The EUR/USD is positive in the day for the second-straight day but faces solid resistance around the parity on woes of a large US Federal Reserve rate hike, spurring a jump in US Treasury bond yields. However, the shared currency remains resilient, though slightly up by 0.19%, amidst a risk-off environment.
During the day, the EUR/USD began trading at around 0.9980, sliding toward the daily low at 0.9955 in the early European session. However, fresh bids lifted the shared currency towards hitting the daily high at 1.0018 before settling at the current spot price. At the time of writing, the EUR/USD is trading at 1.0002.
US economic data released before the Wall Street open and during the beginning of Thursday’s trading session further cemented the Fed’s case for going aggressive, as shown by money market futures odds at 80% of increasing rates by 75 bps and 20% chances of going 100.
The US Commerce Department reported that Retail Sales in August jumped by 0.3% MoM, higher than expectations of a 0.1% contraction, while the annual base reading was 9.37%, less than the previous month’s data. At the same time, the Department of Labor showed that unemployment claims for the past week, ending on September 10, decreased to 213K, lower than economists’ estimates of 227K, showing the labor market’s resilience.
The EUR/USD barely reacted to data, though it brought the major under parity. Meanwhile, the US Dollar Index, a gauge of the buck’s value vs. its peers, is recovering from earlier losses, up 0.10%, at 109.751.

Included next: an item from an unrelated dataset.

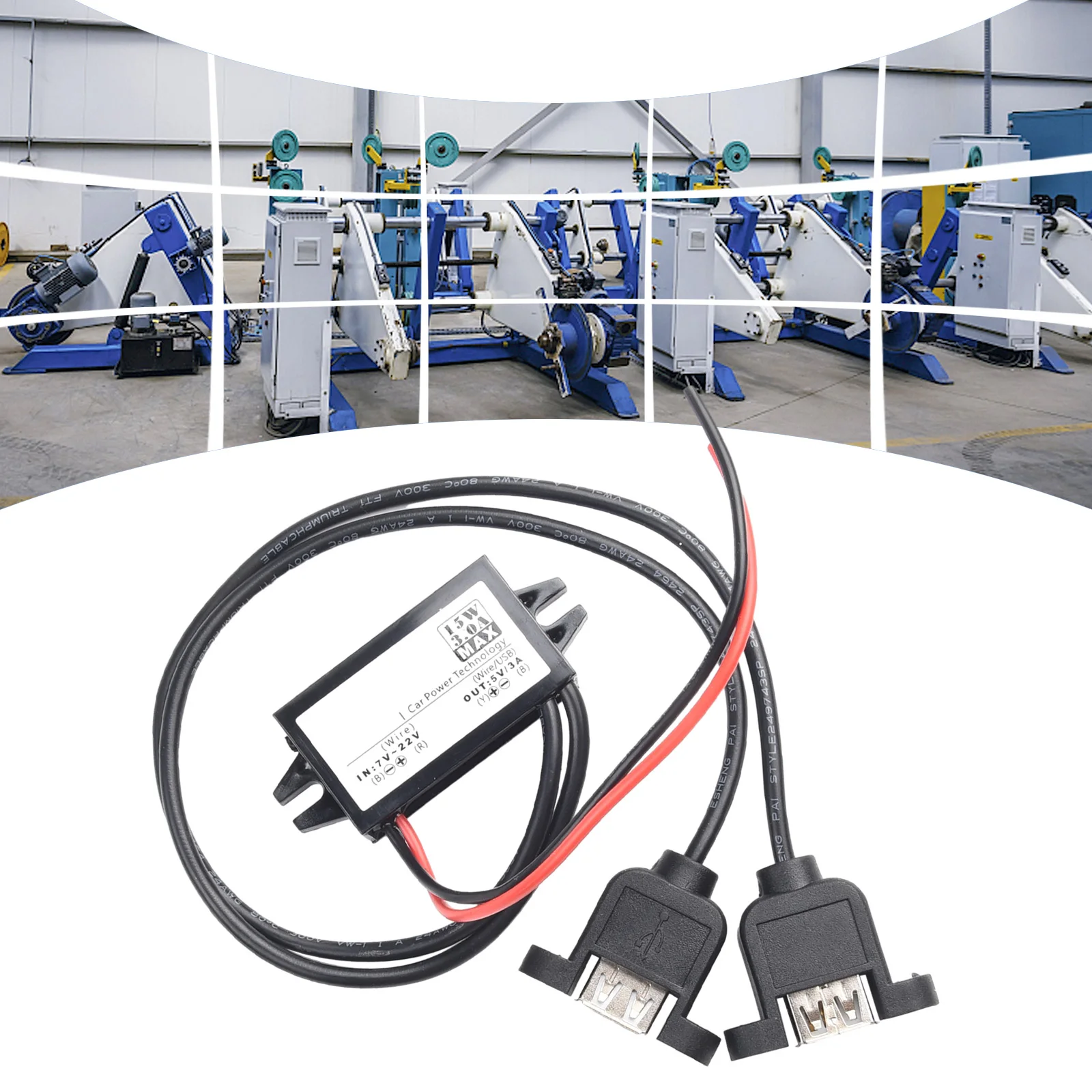 DC-DC 12V To 5V 3A Power Converter USB Step Down Voltage Power Supply Output IDC Connector Electrical Power Supplies Tools
DC-DC 12V To 5V 3A Power Converter USB Step Down Voltage Power Supply Output IDC Connector Electrical Power Supplies Tools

Of late, a tranche of manufacturing data revealed by regional Fed banks began with the New York Fed Empire State Index and the Philadelphia Fed Index. The New York Fed Index showed signs of improvement though remains in contractionary territory, while the Philadelphia Fed index dropped to the contractionary part after rebounding in the August report.
ECB officials continue expressing the need for hiking rates due to high inflationary pressures on the Eurozone side. Philip Lane, ECB Chief Economist, said, “We expect that this transition will require us to continue to raise interest rates over the next several meetings. The appropriate size of an individual increment will be larger, the wider the gap to the terminal rate and the more skewed the risks to the inflation target.”
Later, ECB Vice-President Luis de Guindos commented that price pressures continued to elevate while adding that the euro’s depreciation added to “these inflationary pressures.” In the meantime, ECB official Mario Centeno expressed that the central bank should take “as small steps as possible” in hiking rates not to destabilize the economy, a signal perceived as dovish by market players. He emphasized that monetary policy “must remain predictable.”
EUR/USD traders should note that a part of the German bond yield curve briefly inverted on Thursday, signaling investors’ worries that an aggressive ECB might lead to an economic slowdown.
The Eurozone calendar will feature inflation readings in the bloc and Italy. On the US side, the economic docket will feature the University of Michigan Consumer Sentiment and inflation expectations.